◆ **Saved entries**
• • • •

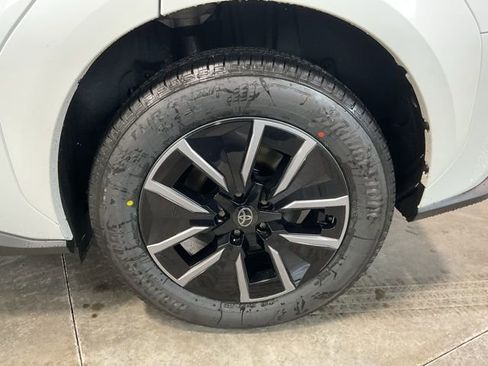 New 2026 Toyota bZ image 7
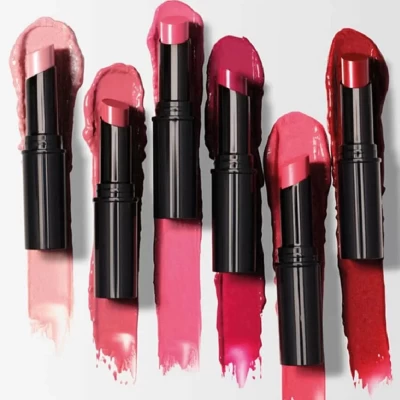 Помада для губ MUF Hydra Glow Lip Stylo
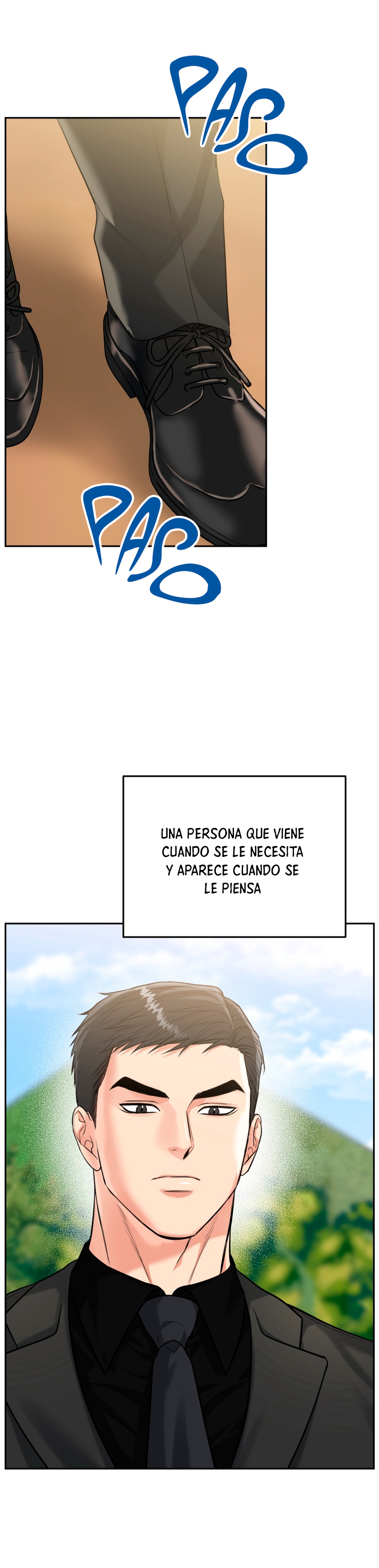 La Guarida del Tigre - Capítulo 62 - Página 22 - LectorTMOo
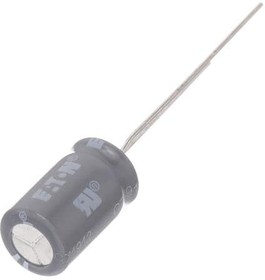 HS0814-3R8106-R, Supercapacitors / Ultracapacitors Eaton HS Hybrid Supercapacitor, 3.8V, 10F, 1.5 ohm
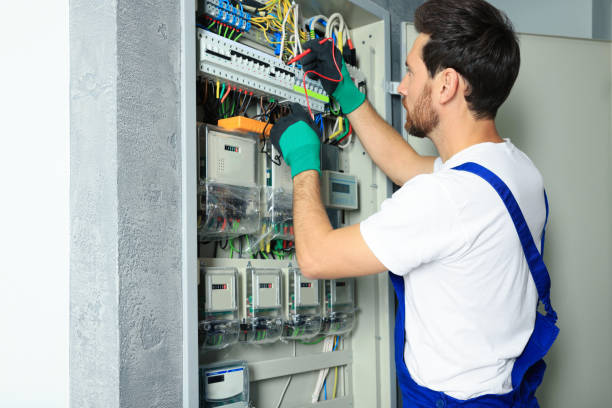 Best Local Electrician Companies  in Forestville, CA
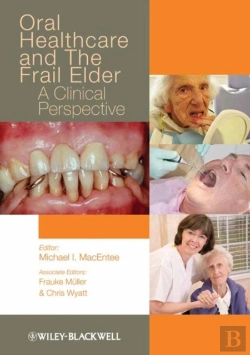 Bertrand.pt - Oral Healthcare And The Frail Elder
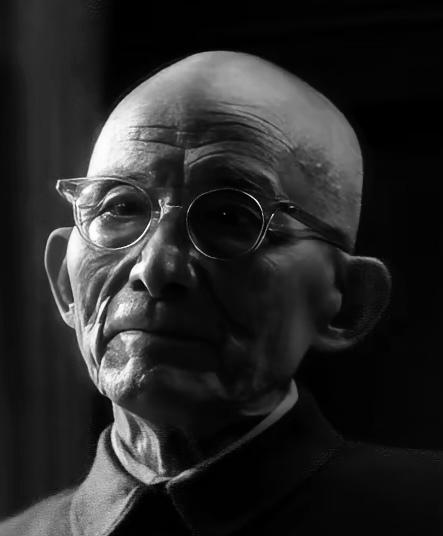 2006年，73岁的游本昌把房子一卖，凑了一千万，自导自演拍了部劝善古装剧。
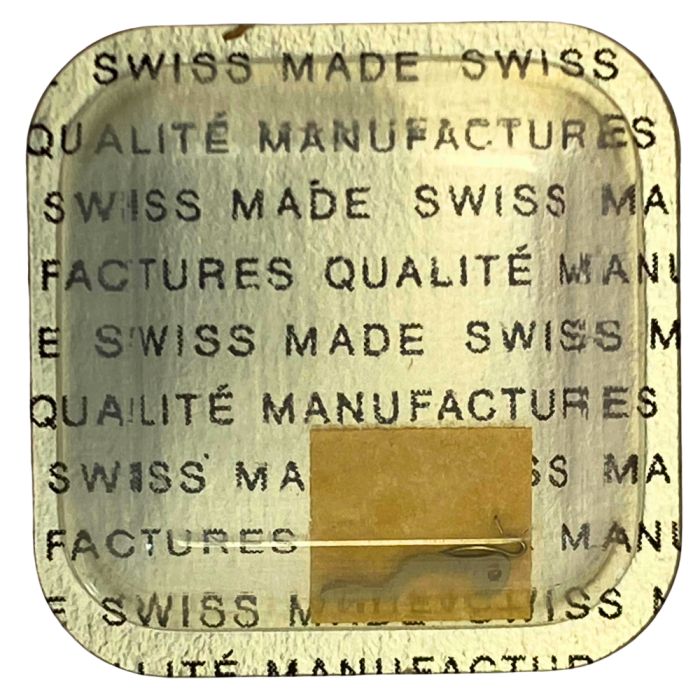 Longines 14.16 - 435 Bascule (à l'unité) - Yoke (clutch lever) (per unit)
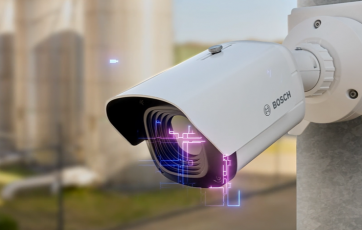 Khám phá dòng sản phẩm DINION thermal 8100i mới - SEE THE UNSEEN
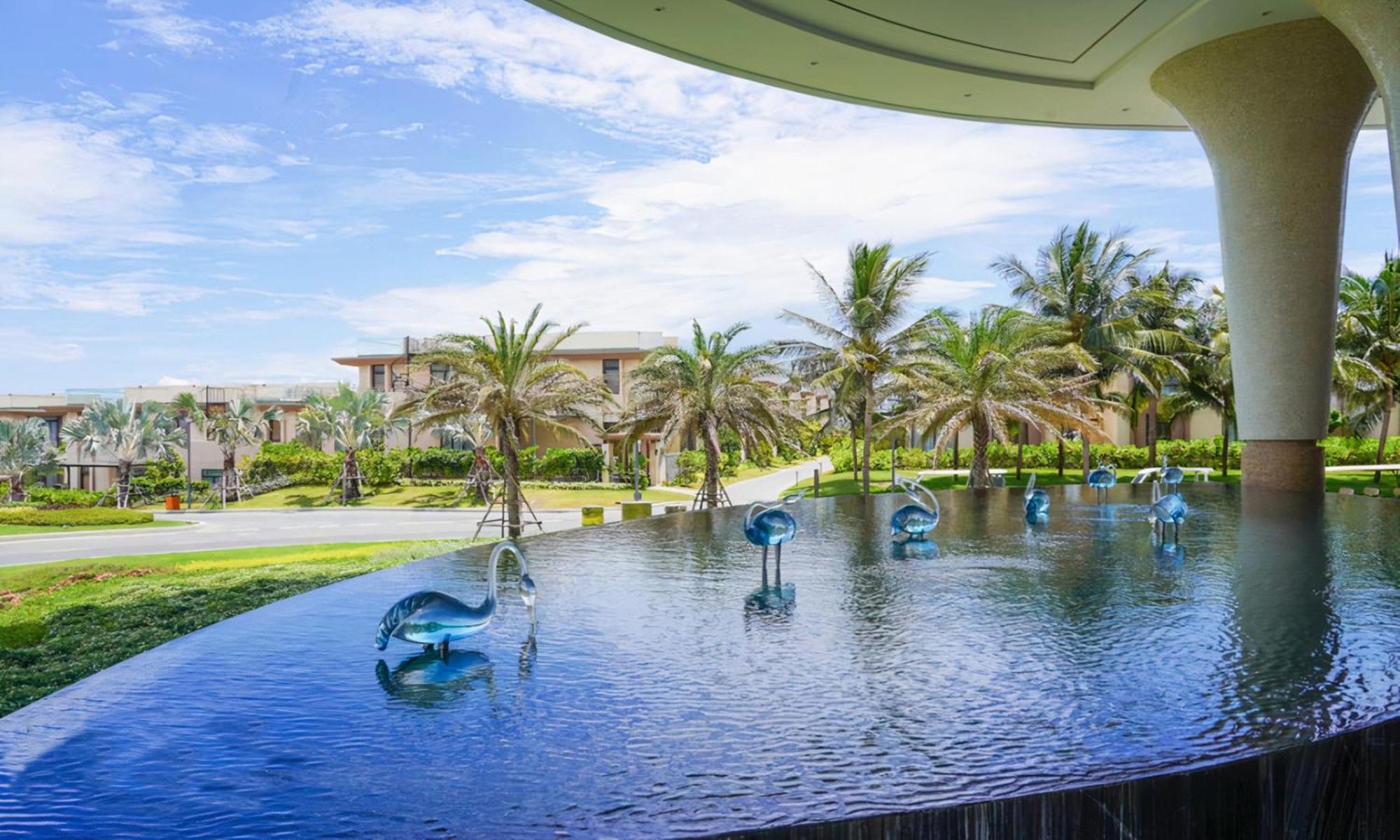 The Pool Cam Ranh - Private Pool Cam Lam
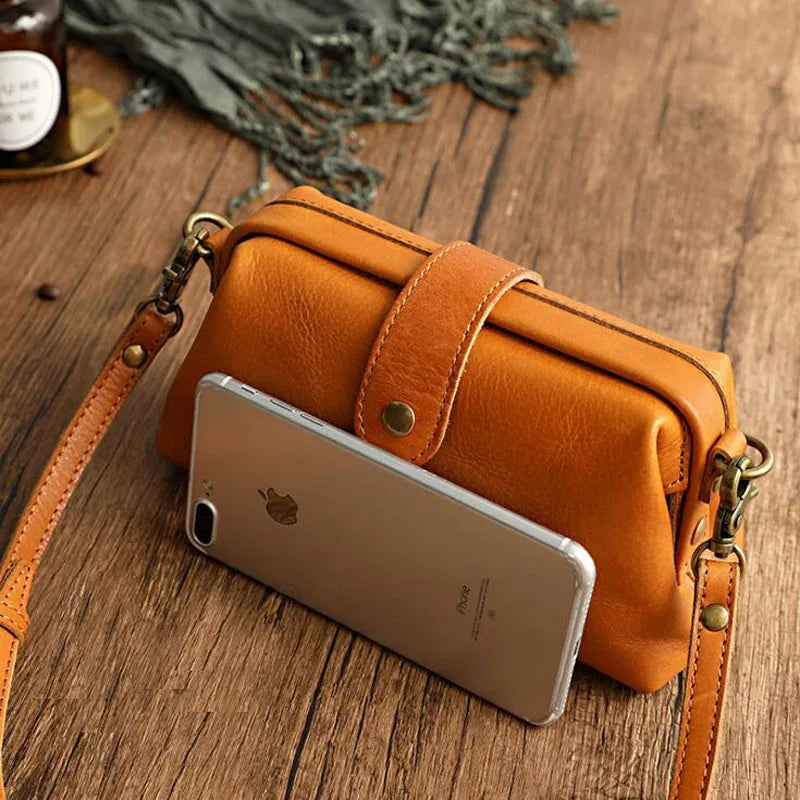 Mignon | Mini Shoulder Bag for Women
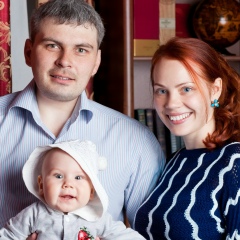 Ирина Якубовская, 27.02.1986, Новосибирск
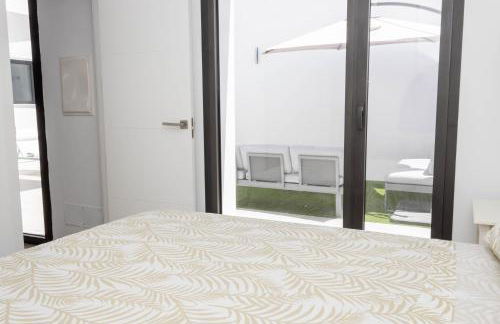 Bajo con patio, Calle Cañada Aguilar 10 - Foto 21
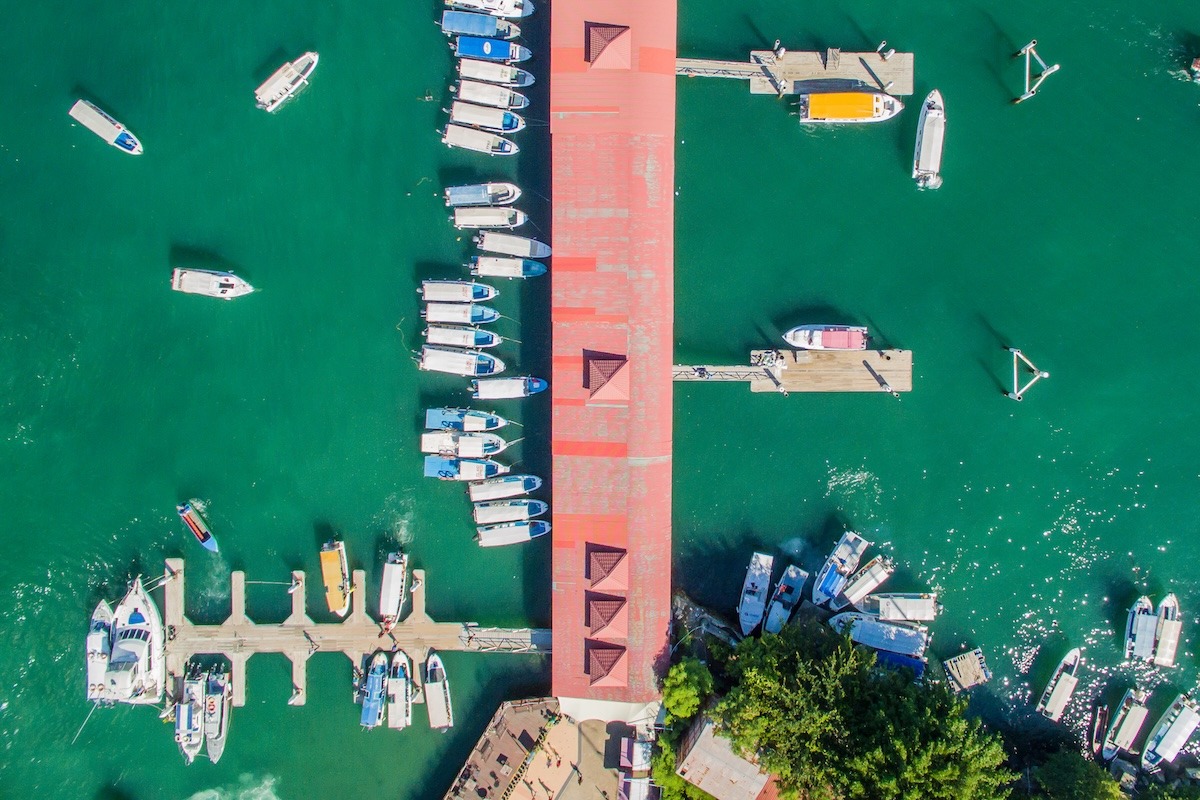 Jesselton Point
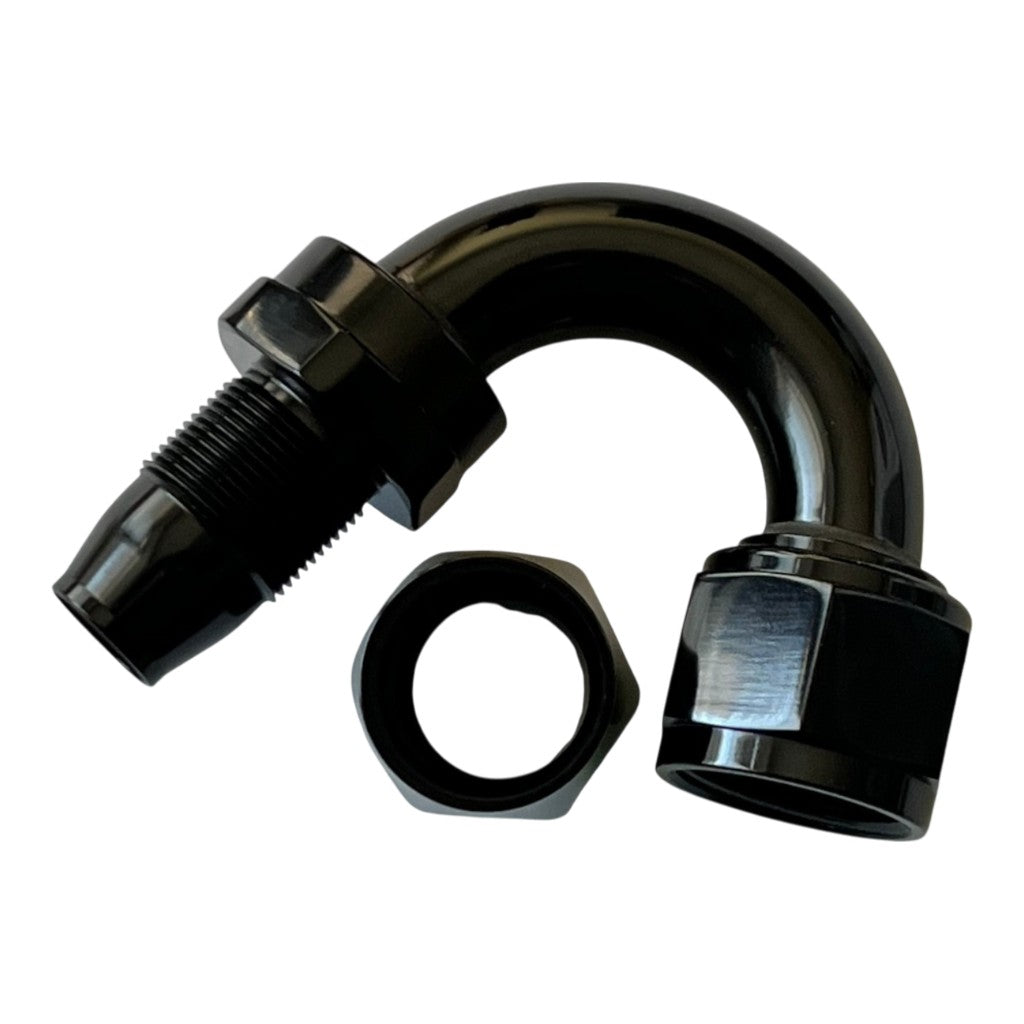 ARD ARE0209-1512-PO Фітинг AN12 Photo-1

• • • •

◆ **PROBLEM DETAILS**
The answer should be the records above, unchanged, with the pictures omitted.

◆ **RESULT BELOW**
 New 2026 Toyota bZ image 7
 Помада для губ MUF Hydra Glow Lip Stylo
 La Guarida del Tigre - Capítulo 62 - Página 22 - LectorTMOo
 HS0814-3R8106-R, Supercapacitors / Ultracapacitors Eaton HS Hybrid Supercapacitor, 3.8V, 10F, 1.5 ohm
 Best Local Electrician Companies  in Forestville, CA
 Bertrand.pt - Oral Healthcare And The Frail Elder
 2006年，73岁的游本昌把房子一卖，凑了一千万，自导自演拍了部劝善古装剧。
 Longines 14.16 - 435 Bascule (à l'unité) - Yoke (clutch lever) (per unit)
 Khám phá dòng sản phẩm DINION thermal 8100i mới - SEE THE UNSEEN
 The Pool Cam Ranh - Private Pool Cam Lam
 Mignon | Mini Shoulder Bag for Women
 Ирина Якубовская, 27.02.1986, Новосибирск
 Bajo con patio, Calle Cañada Aguilar 10 - Foto 21
 Jesselton Point
 ARD ARE0209-1512-PO Фітинг AN12 Photo-1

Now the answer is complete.